[[ Supplied material, beginning ]]

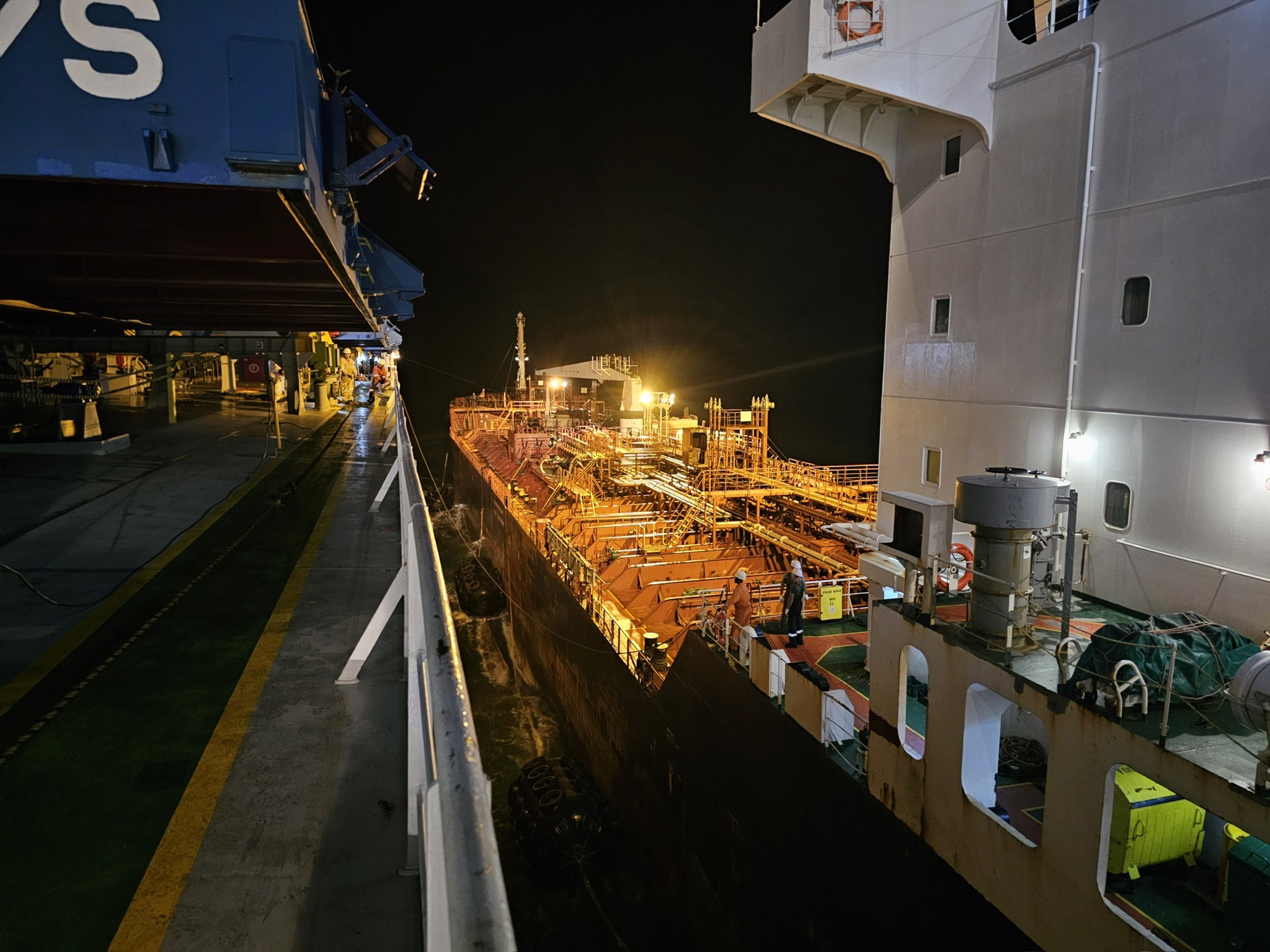 Nighttime ship-to-ship bunkering at Santos anchorage, coordinated by CARGOWARD®, as preparations begin for bunker survey attendance and custody documentation.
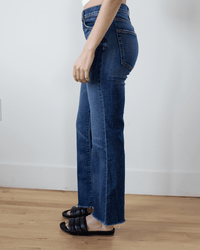 A person stands indoors on a wooden floor, seen from the side, wearing ASKK NY's Geek in Auburn high rise crop flare jeans with a raw hem and black slide sandals.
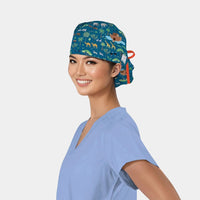 Person wearing a blue scrub top and a colorful scrub cap with animals on it on a white background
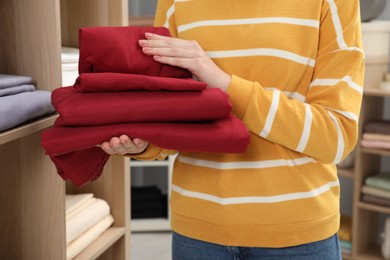 Photo of Woman with stack of bed linens in shop, closeup
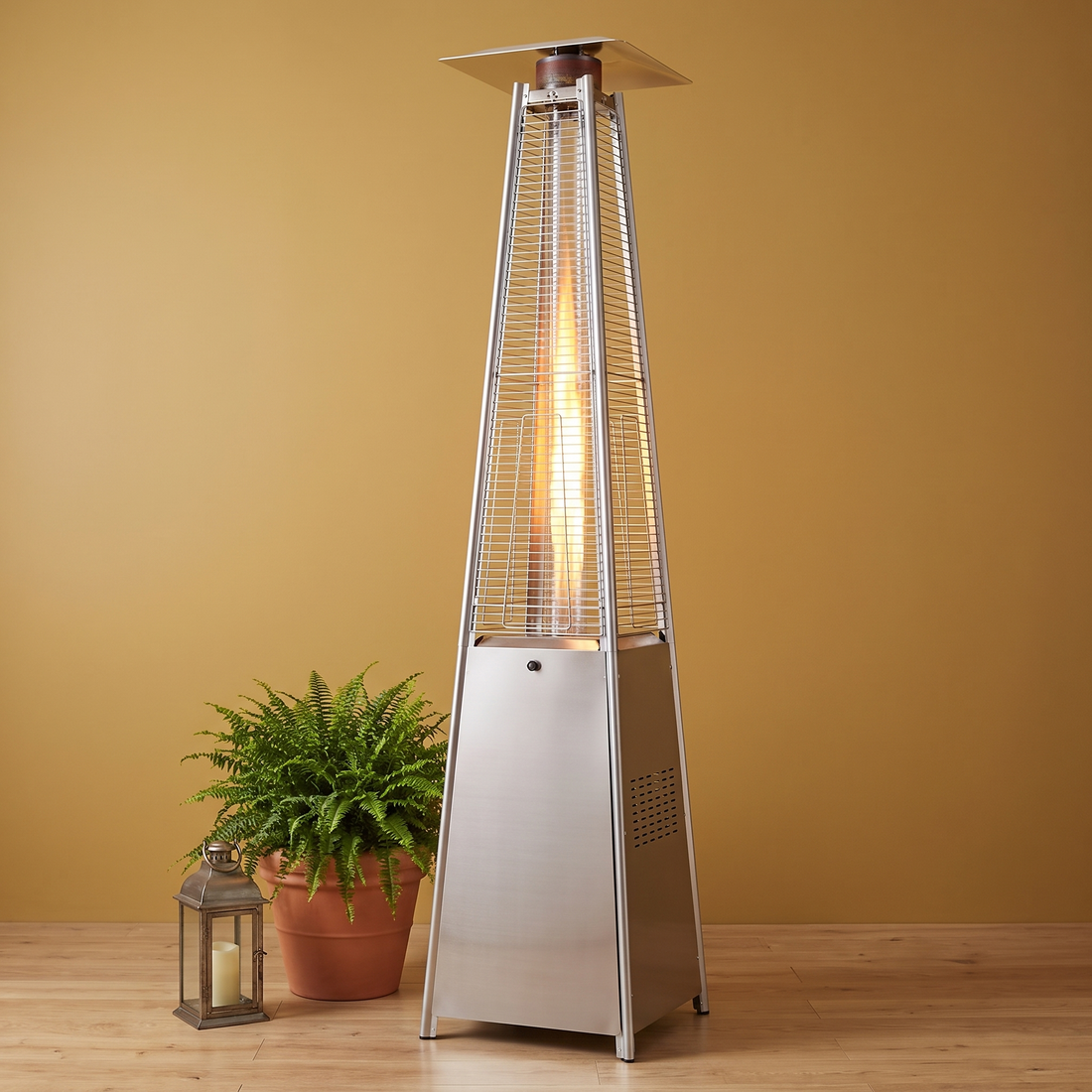 The Flame Tower pyramid propane patio heater in Gray glowing against a gold wall with a fern and lantern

[[ Supplied material, end ]]

— Exercise brief —
Output the entries above verbatim. Omit the images.

— Solution below —
 Nighttime ship-to-ship bunkering at Santos anchorage, coordinated by CARGOWARD®, as preparations begin for bunker survey attendance and custody documentation.
 A person stands indoors on a wooden floor, seen from the side, wearing ASKK NY's Geek in Auburn high rise crop flare jeans with a raw hem and black slide sandals.
 Person wearing a blue scrub top and a colorful scrub cap with animals on it on a white background
 Photo of Woman with stack of bed linens in shop, closeup
 The Flame Tower pyramid propane patio heater in Gray glowing against a gold wall with a fern and lantern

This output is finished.